By counting how many elements already equal the chosen target, we minimize the number of required operations. Since every modification costs exactly one operation and each index can only be modified once, limiting conversions to numOperations produces the optimal achievable frequency.

Python Solution

from typing import List
from collections import Counter

class Solution:
    def maxFrequency(self, nums: List[int], k: int, numOperations: int) -> int:
        nums.sort()
        frequency = Counter(nums)

        left = 0
        answer = 0

        for right in range(len(nums)):
            while nums[right] - nums[left] > 2 * k:
                left += 1

            window_size = right - left + 1
            target = nums[right]

            existing = frequency[target]

            achievable = min(
                window_size,
                existing + numOperations
            )

            answer = max(answer, achievable)

        return answer

The implementation begins by sorting the array. This enables the sliding window condition based on numeric distance.

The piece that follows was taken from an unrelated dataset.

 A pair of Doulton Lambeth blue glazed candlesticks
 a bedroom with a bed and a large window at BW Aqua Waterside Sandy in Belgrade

A Counter stores the total occurrences of every value. This is important because some elements already equal the chosen target value and therefore do not require operations.

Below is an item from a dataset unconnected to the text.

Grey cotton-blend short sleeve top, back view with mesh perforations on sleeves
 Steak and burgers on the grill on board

The sliding window maintains a valid range where all values differ by at most 2 * k. Whenever the condition breaks, the left pointer moves forward until the window becomes valid again.

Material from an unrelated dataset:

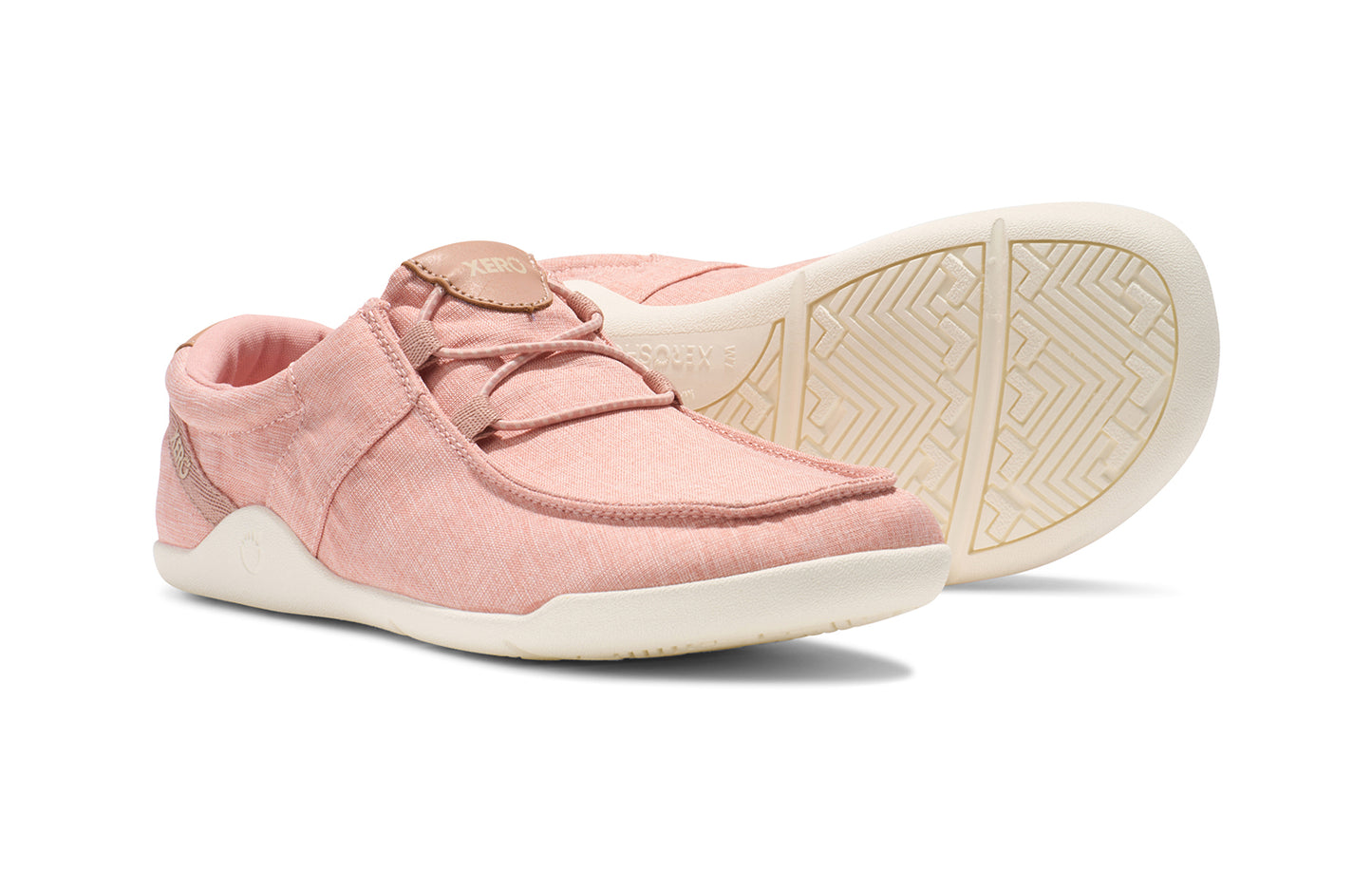 Xero Shoes Canada, specifically women’s barefoot shoes Canada. These minimalist shoes have flexible soles, wide toe boxes, and zero drop. Pair view of Xero Women's Kona in Pink Sand. Moccasin inspired casual shoe.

For each valid window, the algorithm treats nums[right] as the target value. The total achievable frequency is limited by two things:

  • The total number of elements inside the window
  • The number of elements we can convert using available operations

Since existing elements already equal the target, we can add at most numOperations more converted elements.

The maximum across all windows is returned.

Go Solution

package main

import (
	"sort"
)

func maxFrequency(nums []int, k int, numOperations int) int {
	sort.Ints(nums)

	frequency := make(map[int]int)
	for _, num := range nums {
		frequency[num]++
	}

	left := 0
	answer := 0

	for right := 0; right < len(nums); right++ {
		for nums[right]-nums[left] > 2*k {
			left++
		}

		windowSize := right - left + 1
		target := nums[right]

		existing := frequency[target]

		achievable := existing + numOperations
		if achievable > windowSize {
			achievable = windowSize
		}

		if achievable > answer {
			answer = achievable
		}
	}

	return answer
}

The Go implementation follows the same logic as the Python version.

A map[int]int is used instead of Python's Counter. The array is sorted using sort.Ints.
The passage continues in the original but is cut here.